DESCRIPTION OF THE TASK: Every entry below is to be copied word for word, with its pictures removed.

(Items listed in a dataset)
• • •

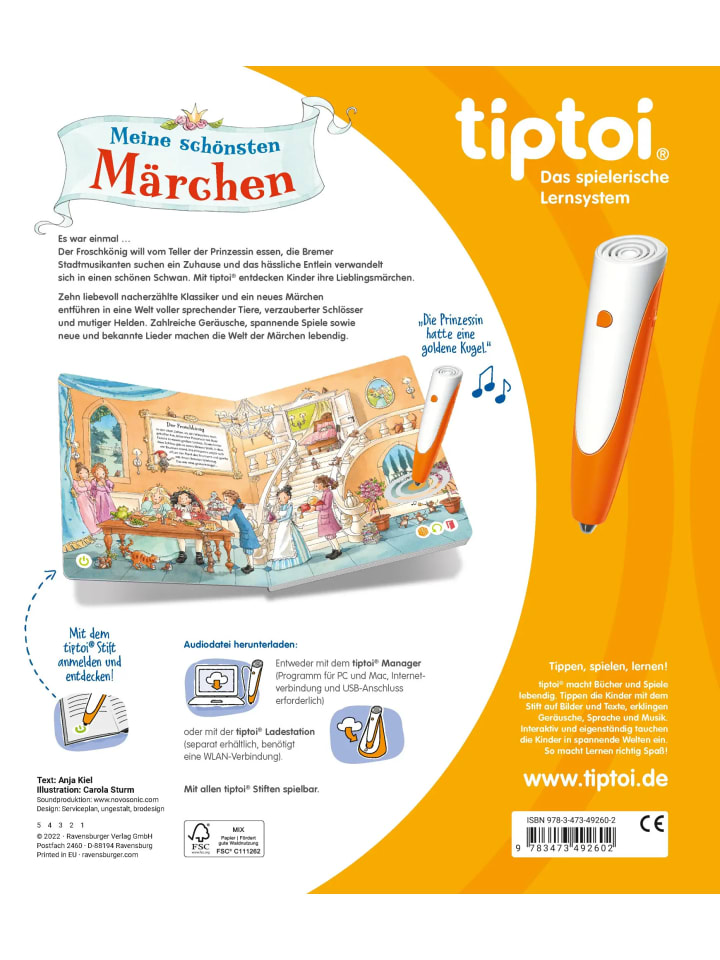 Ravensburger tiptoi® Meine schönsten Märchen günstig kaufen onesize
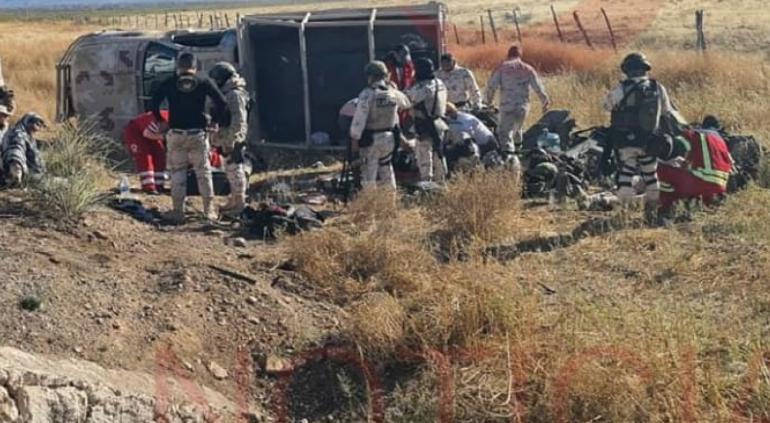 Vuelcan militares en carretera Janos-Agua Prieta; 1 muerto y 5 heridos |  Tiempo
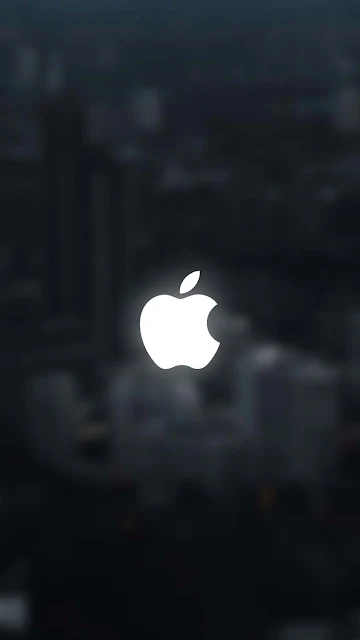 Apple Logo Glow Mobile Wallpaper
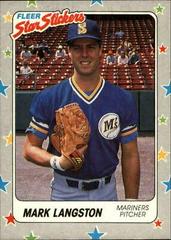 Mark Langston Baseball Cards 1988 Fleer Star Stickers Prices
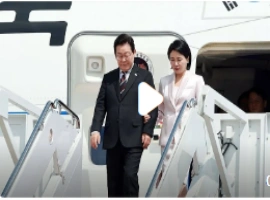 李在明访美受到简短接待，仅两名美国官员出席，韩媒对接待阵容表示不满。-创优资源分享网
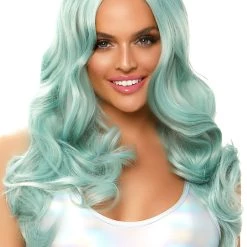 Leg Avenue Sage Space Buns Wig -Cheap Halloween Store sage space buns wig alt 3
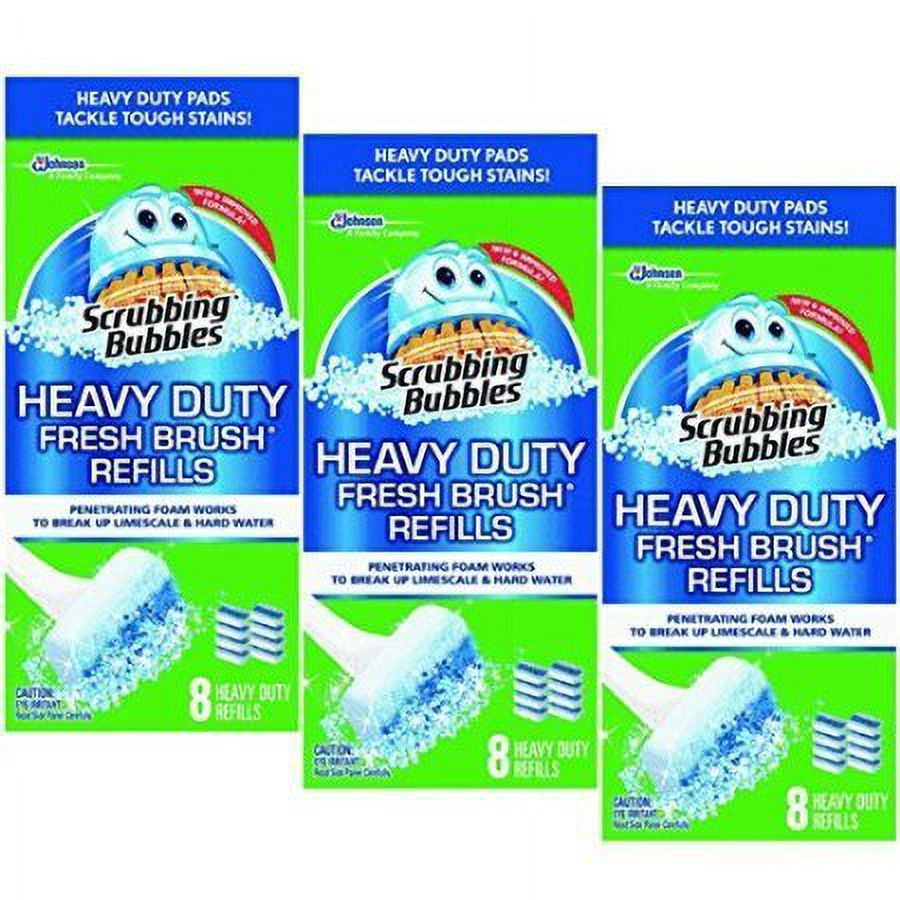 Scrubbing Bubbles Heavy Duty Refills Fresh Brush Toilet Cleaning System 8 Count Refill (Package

• • •

TASK RESULT:
 Ravensburger tiptoi® Meine schönsten Märchen günstig kaufen onesize
 Vuelcan militares en carretera Janos-Agua Prieta; 1 muerto y 5 heridos |  Tiempo
 Apple Logo Glow Mobile Wallpaper
 Mark Langston Baseball Cards 1988 Fleer Star Stickers Prices
 李在明访美受到简短接待，仅两名美国官员出席，韩媒对接待阵容表示不满。-创优资源分享网
 Leg Avenue Sage Space Buns Wig -Cheap Halloween Store sage space buns wig alt 3
 Scrubbing Bubbles Heavy Duty Refills Fresh Brush Toilet Cleaning System 8 Count Refill (Package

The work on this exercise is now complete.